Sie interessiere sich für Politik, schaue viel Fernsehen und lese die Zeitung, schreibt eine 15jährige in einem Aufsatz über "Die Jugend im 21. Jahrhundert". Eine mongolische Jugendzeitung hatte ihre Leser aufgefordert, sich zu diesem Thema zu äussern, und Ausschnitte im Onlinemagazin "Ger" veröffentlicht (www.un-mongolia.mn/ger-mag/ger-4.htm). Laut Yamanaka ist die 15 jährige kein Einzelfall: "Es gibt ein grosses Interesse an Ausbildung in diesem Land, deshalb ist das Internet sehr populär bei den Studenten in Ulan Bator."

Sehr populär - das ist relativ. Nach einer aktuellen Umfrage gibt es im Land etwa 19.000 Computer Sie sind sehr teuer, für private Nutzer kaum erschwinglich. Ein Pentium Celeron 333 mit 64 MB RAM und einem 15 Zoll Monitor kostet 2700 bis 2800 Dollar, etwa 2,4 Millionen Tugrit. Ein Regierungsangestellter verdient im Monat etwa 40.000 Tugrit (knapp 66 Schweizer Franken). Soll der Computer ans Internet angeschlossen werden, kommen noch um die 2500 Tugrit (etwa 4 Franken) im Monat hinzu.

70 Webseiten nach einem Jahr

Die erste mongolische Website ging in dem Jahr online, in dem das Land an das Internet angeschlossen wurde; im Jahr darauf waren es immerhin schon 70. Doch es mangelt an Webcontent in mongolischer Sprache. Da nur sehr wenige Einheimische Netzzugang haben, sind die meisten Sites in Englisch - oder in Deutsch, wie die Khanbräu-Site (www.mol.mn/khanbrau/1_home.html). Die Brauerei, vom ehemaligen deutschen Aussenminister Klaus Kinkel eingeweiht, braut in der mongolischen Hauptstadt Bier nach dem deutschen Reinheitsgebot. Khanbräu hat sogar eine Seite mit Stellenangeboten; die nehmen sich allerdings eher aus wie Werbung für bajuwarische Gemütlichkeit in der zentralasiatischen Steppe. Wer in der Mongolei nicht auf Biergarten, Brathähnchen und seine Mass verzichten möchte, ist hier genau richtig.
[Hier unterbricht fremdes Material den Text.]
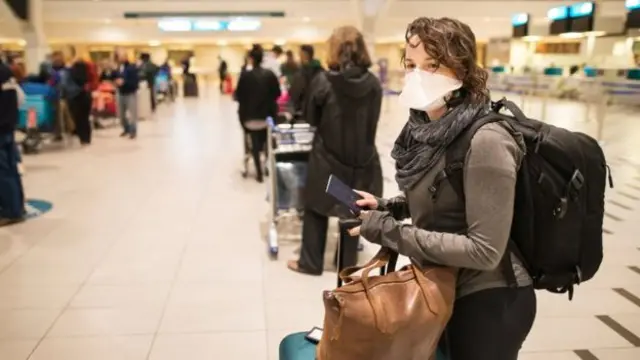 Woman at an airport wearing a mask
Neben vielen Firmenseiten listet die Mongolia Webdirectory (www.mol.mn/english/webdirectory.html) vor allem offizielle Sites von der Regierung oder internationalen Organisationen; fast alle sind ausgerichtet auf die Darstellung des Landes nach aussen. Im Zuge eines 1997 von der Regierung initiierten Programmes lernten Angehörige der Ministerien den Umgang mit Computern und Webpublishing. Das Resultat ist auf der Regierungssite zu bewundern (www.pmis.gov.mn - Vorsicht, lange Ladezeiten!), wo die meisten Ministerien eigene Webauftritte unterhalten. Allerdings sucht man auch hier oft vergeblich nach einer Version in der Landessprache.
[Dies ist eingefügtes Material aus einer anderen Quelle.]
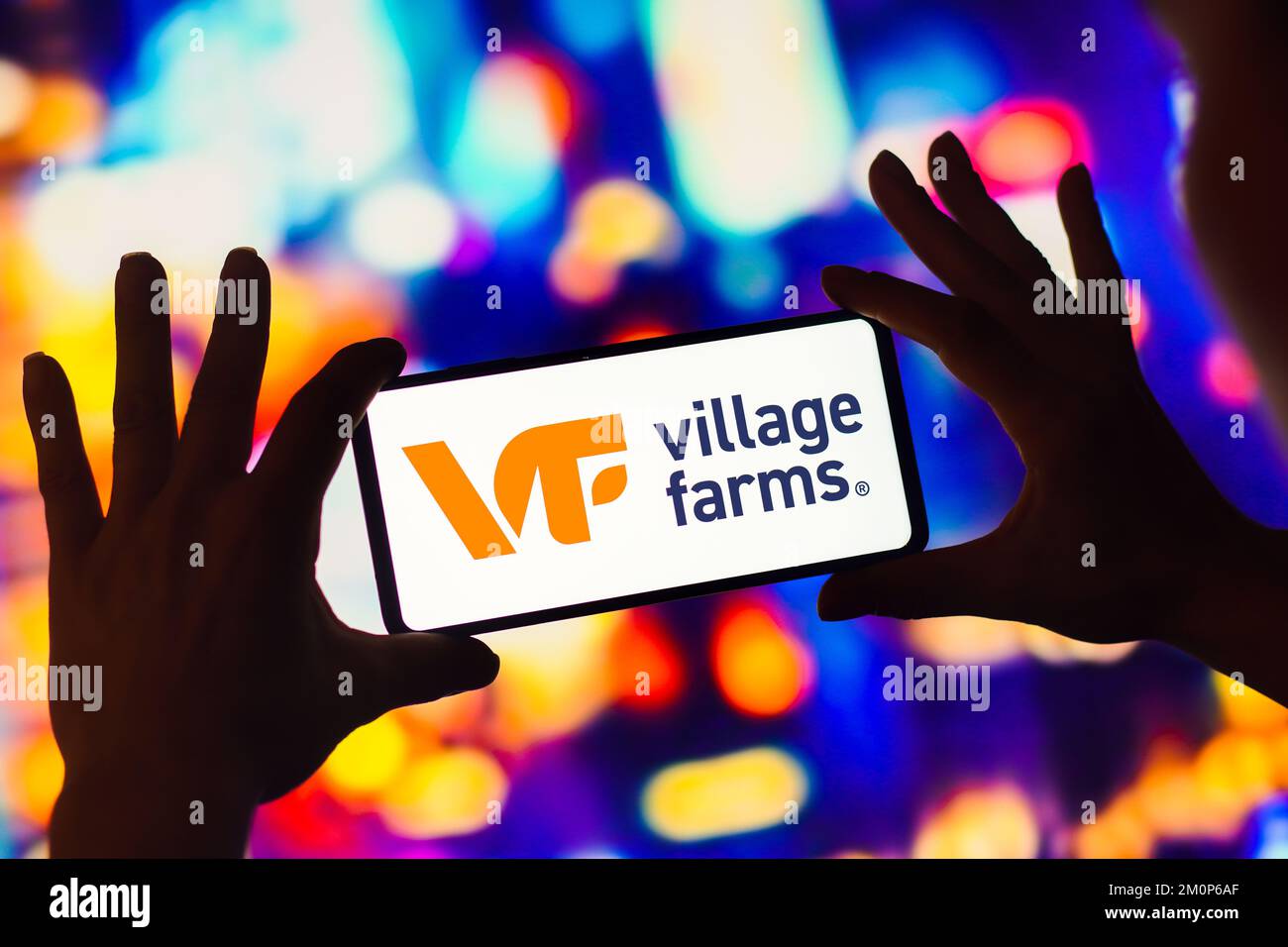 In this photo illustration, the Village Farms International logo is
Private Homepages wie die von Tulga sind die Ausnahme. Tulga betreibt im Childweb des Open Web Center, einem Host für Nicht-Regierungs-Organisationen, eine englischsprachige Website über die mongolische Eisenbahn (www.owc.org.mn/im/childweb/tulga.htm). Zwar habe die Eisenbahn seit jeher eine "vitale Rolle in der Entwicklung der Wirtschaft des Landes" gespielt, heisst auf einer Seite mit einem Foto der mongolischen Eisenbahn. Doch träumt der Autor offensichtlich von einer anderen Zukunft: Die nachfolgenden Seiten zieren Bilder moderner Hochgeschwindigkeitszüge. Die wenigen anderen Sites im Childweb, die meisten in Mongolisch, linken auf Angebote, die sich auch hierzulande bei Jugendlichen grosser Beliebtheit erfreuen dürften, wie eine Backstreet-Boys-Site oder die der NBA.

Selbst Cybercafés sind in der Mongolei rar gesät. Die meisten verdienen kaum ihren Namen. "Sie servieren dort weder Speisen noch Getränke. Sie sind nur für die Internet- und Computernutzung da - inklusive dem für unser Projekt und jenem, das wir demnächst in unserem Büro eröffnen", erzählt UNDP-Mitarbeiter Yamanaka.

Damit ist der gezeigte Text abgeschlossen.